Entonces David se levantó y cruzó la frontera, él y los seiscientos hombres que estaban con él, para ir a Aquis hijo de Maoc, rey de Gat.
David se estableció con Aquis en Gat, él y sus hombres, cada uno con su familia. David llevaba a sus dos esposas: Ahinoam de Jezreel y Abigail, la que fue esposa de Nabal el de Carmel.
Cuando le avisaron a Saúl que David había huido a Gat, dejó de buscarlo.
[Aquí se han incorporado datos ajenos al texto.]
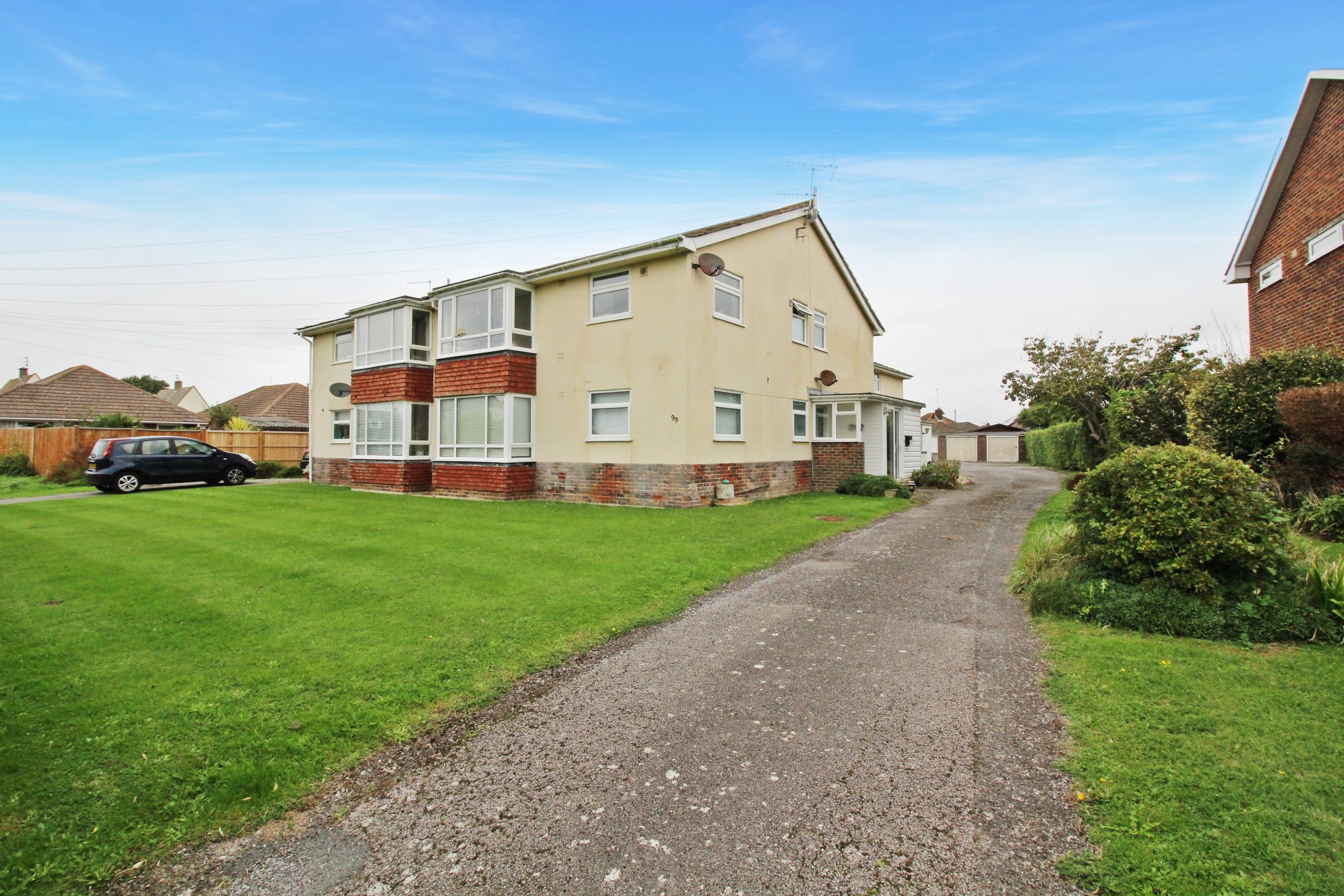 2 bed flat for sale in Elmer Road, Chichester PO22 Zoopla
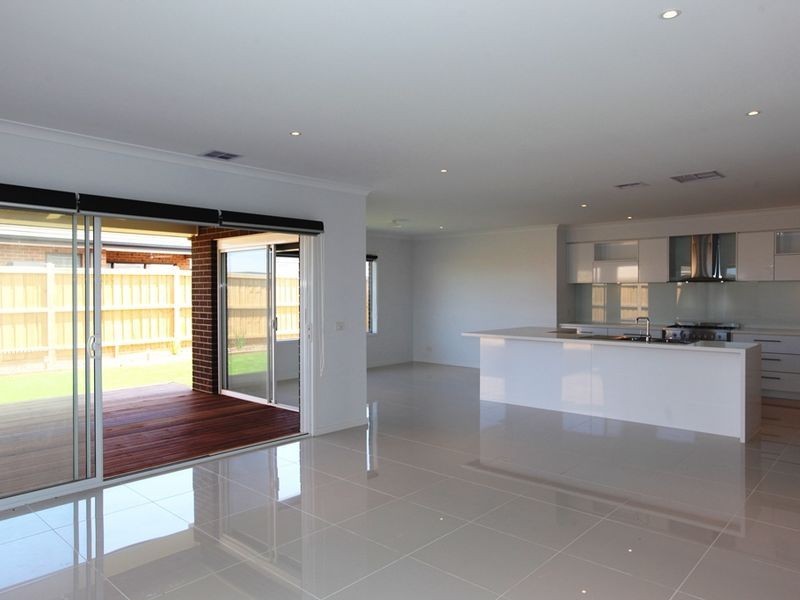 11 Aquatic Way, Werribee South VIC 3030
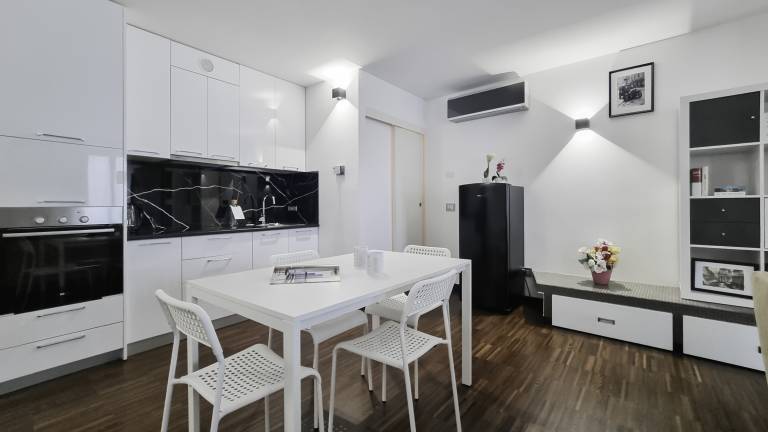 Holiday apartment | Close to Milan Cathedral in Milan, OH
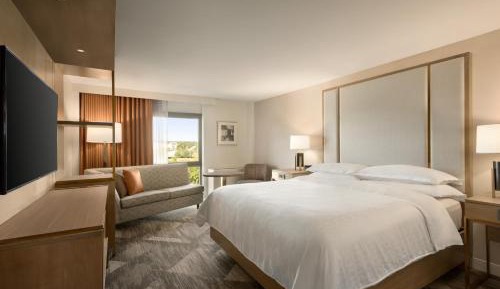 King Room - Mobility Accessible with Tub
David le dijo a Aquis: «Por favor, si he hallado gracia ante tus ojos, que me den un lugar en alguna de las ciudades del campo para vivir allí. ¿Por qué ha de vivir tu siervo contigo en la ciudad real?».
Aquel día Aquis le dio Siclag. Por eso Siclag ha pertenecido a los reyes de Judá hasta el día de hoy.
El tiempo que David vivió en la región de los filisteos fue de un año y cuatro meses.
David y sus hombres subían y hacían incursiones contra los guesuritas, los guizritas y los amalecitas, porque desde tiempos antiguos ellos habitaban la tierra desde la ruta de Shur hasta la tierra de Egipto.
David atacaba la tierra y no dejaba con vida a ningún hombre ni mujer. Tomaba ovejas, ganado, burros, camellos y ropa, y luego regresaba a donde Aquis.
Aquis le preguntó: «¿Dónde hicieron una incursión hoy?». David respondió: «En el Néguev de Judá, en el Néguev de los jerajmeelitas y en el Néguev de los quenitas».
David no dejaba con vida a ningún hombre ni mujer que pudiera llevarlos a Gat, porque pensaba: «No sea que nos delaten y digan: “David hizo esto”». Así fue su práctica todo el tiempo que vivió en la región de los filisteos.
Aquis confió en David y pensó: «Se ha vuelto odioso para su pueblo Israel, así que será mi siervo para siempre».